- Task goal -
Return each line of the data below verbatim; pictures are to be left out.

- Information provided -
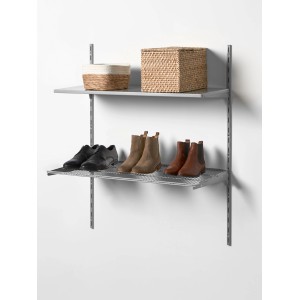 Set ripiano metallico a filo, 25,5x80,5 cm, bianco-alluminio, con scarpe e cesti su scaffali.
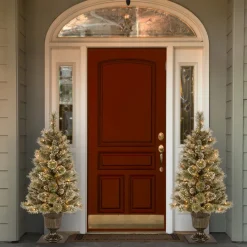 Pre-Lit Christmas Trees*Three Posts Glittery Bristle Realistic Artificial Pine Christmas Tree With 150 Led Lights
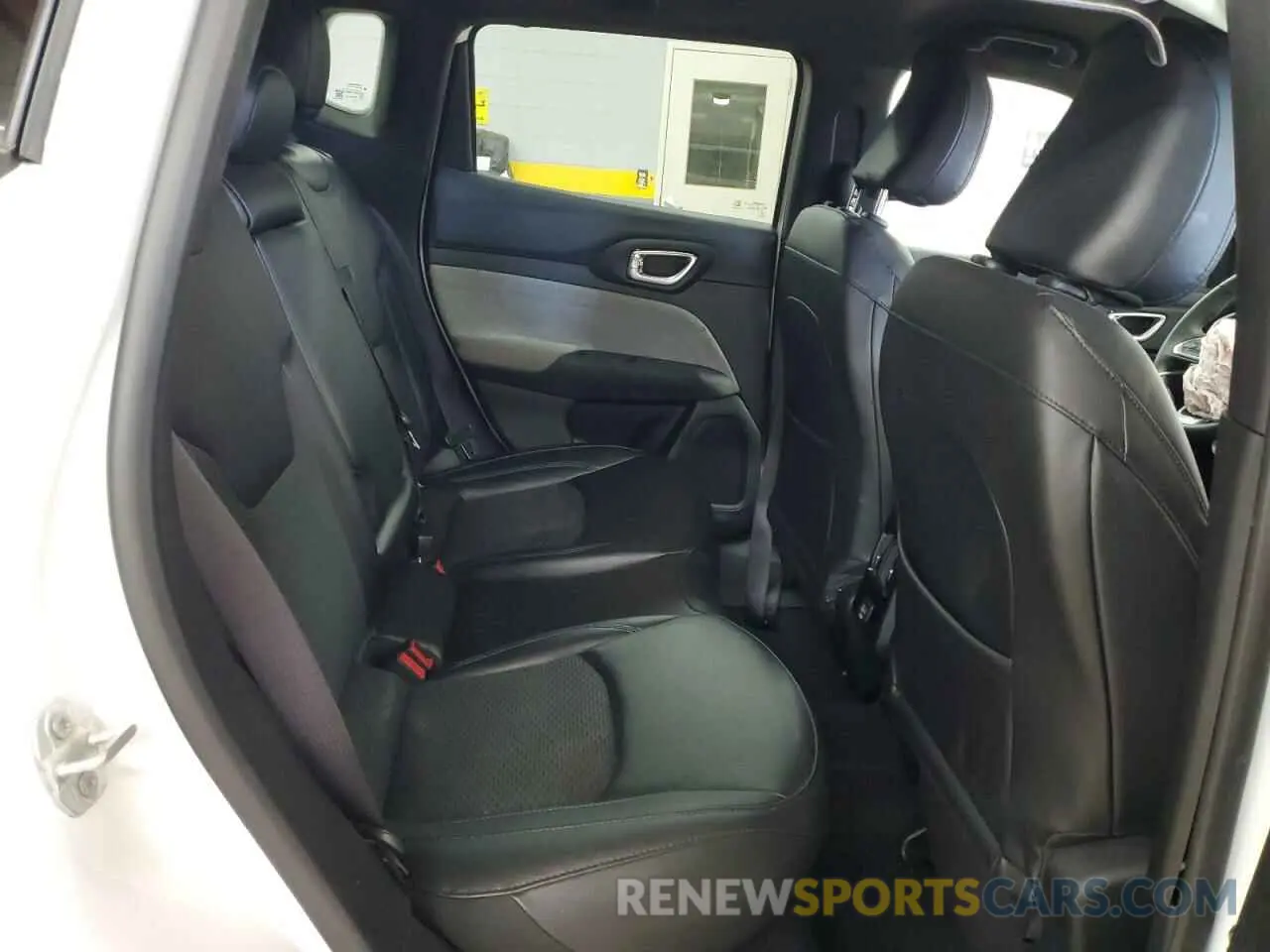 11 fotografías del automóvil dañado 3C4NJDBN7RT606091 JEEP COMPASS 2024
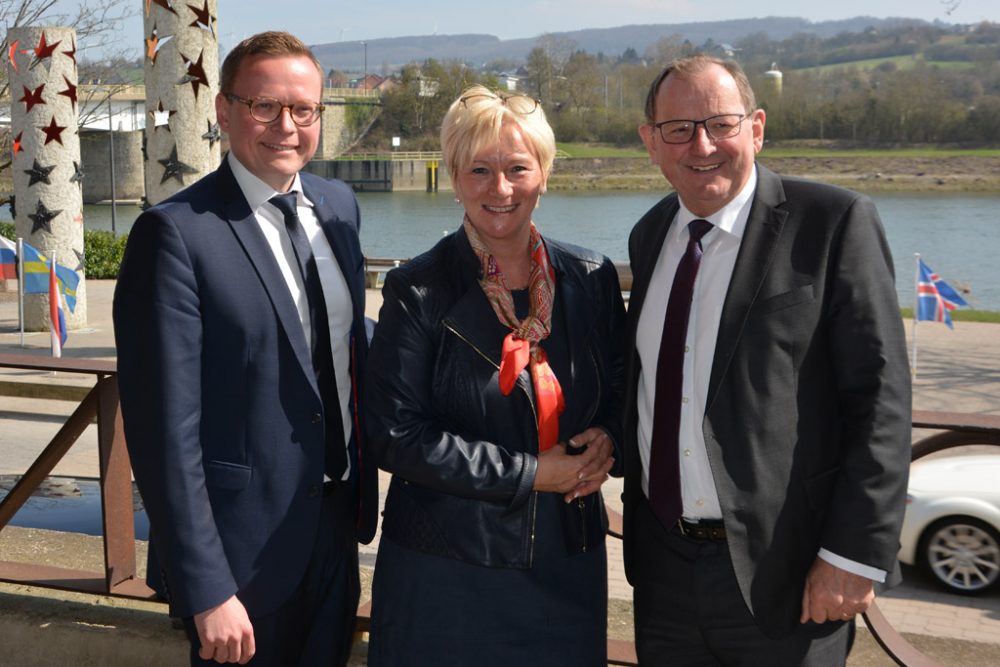 Alexander Miesen, Patricia Creutz-Vilvoye und Fernand Etgen, der Präsident der Luxemburger Abgeordnetenkammer (Bild: PDG)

- Written response -
 Set ripiano metallico a filo, 25,5x80,5 cm, bianco-alluminio, con scarpe e cesti su scaffali.
 Pre-Lit Christmas Trees*Three Posts Glittery Bristle Realistic Artificial Pine Christmas Tree With 150 Led Lights
 11 fotografías del automóvil dañado 3C4NJDBN7RT606091 JEEP COMPASS 2024
 Alexander Miesen, Patricia Creutz-Vilvoye und Fernand Etgen, der Präsident der Luxemburger Abgeordnetenkammer (Bild: PDG)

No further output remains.